**What you will do:**
Output the data word for word. Begin at its first line and end at the line with "Volkswagen Golf R-Line".

================

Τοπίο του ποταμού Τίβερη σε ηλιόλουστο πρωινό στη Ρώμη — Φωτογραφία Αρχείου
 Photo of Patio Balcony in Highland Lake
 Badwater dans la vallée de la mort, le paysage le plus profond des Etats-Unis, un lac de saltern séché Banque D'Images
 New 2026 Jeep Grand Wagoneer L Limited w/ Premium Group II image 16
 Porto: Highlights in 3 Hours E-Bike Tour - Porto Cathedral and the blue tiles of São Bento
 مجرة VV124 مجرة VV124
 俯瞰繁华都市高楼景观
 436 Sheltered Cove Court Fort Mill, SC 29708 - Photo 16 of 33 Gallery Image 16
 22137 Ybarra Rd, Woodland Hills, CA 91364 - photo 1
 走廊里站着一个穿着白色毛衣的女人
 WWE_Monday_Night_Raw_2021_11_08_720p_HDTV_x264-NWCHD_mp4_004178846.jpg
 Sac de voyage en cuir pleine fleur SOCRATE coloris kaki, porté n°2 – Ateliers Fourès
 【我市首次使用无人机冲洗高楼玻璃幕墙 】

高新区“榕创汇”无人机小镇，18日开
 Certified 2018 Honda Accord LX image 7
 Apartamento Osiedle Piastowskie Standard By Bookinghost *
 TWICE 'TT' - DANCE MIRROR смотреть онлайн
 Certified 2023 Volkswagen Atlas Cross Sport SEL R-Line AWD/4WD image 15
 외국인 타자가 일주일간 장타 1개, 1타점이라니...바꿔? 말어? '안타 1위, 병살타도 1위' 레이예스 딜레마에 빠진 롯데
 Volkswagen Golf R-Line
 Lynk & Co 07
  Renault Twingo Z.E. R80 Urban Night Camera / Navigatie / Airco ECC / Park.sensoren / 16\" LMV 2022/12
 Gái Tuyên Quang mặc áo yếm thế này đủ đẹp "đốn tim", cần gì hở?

================

**Written solution:**
Τοπίο του ποταμού Τίβερη σε ηλιόλουστο πρωινό στη Ρώμη — Φωτογραφία Αρχείου
 Photo of Patio Balcony in Highland Lake
 Badwater dans la vallée de la mort, le paysage le plus profond des Etats-Unis, un lac de saltern séché Banque D'Images
 New 2026 Jeep Grand Wagoneer L Limited w/ Premium Group II image 16
 Porto: Highlights in 3 Hours E-Bike Tour - Porto Cathedral and the blue tiles of São Bento
 مجرة VV124 مجرة VV124
 俯瞰繁华都市高楼景观
 436 Sheltered Cove Court Fort Mill, SC 29708 - Photo 16 of 33 Gallery Image 16
 22137 Ybarra Rd, Woodland Hills, CA 91364 - photo 1
 走廊里站着一个穿着白色毛衣的女人
 WWE_Monday_Night_Raw_2021_11_08_720p_HDTV_x264-NWCHD_mp4_004178846.jpg
 Sac de voyage en cuir pleine fleur SOCRATE coloris kaki, porté n°2 – Ateliers Fourès
 【我市首次使用无人机冲洗高楼玻璃幕墙 】

高新区“榕创汇”无人机小镇，18日开
 Certified 2018 Honda Accord LX image 7
 Apartamento Osiedle Piastowskie Standard By Bookinghost *
 TWICE 'TT' - DANCE MIRROR смотреть онлайн
 Certified 2023 Volkswagen Atlas Cross Sport SEL R-Line AWD/4WD image 15
 외국인 타자가 일주일간 장타 1개, 1타점이라니...바꿔? 말어? '안타 1위, 병살타도 1위' 레이예스 딜레마에 빠진 롯데
 Volkswagen Golf R-Line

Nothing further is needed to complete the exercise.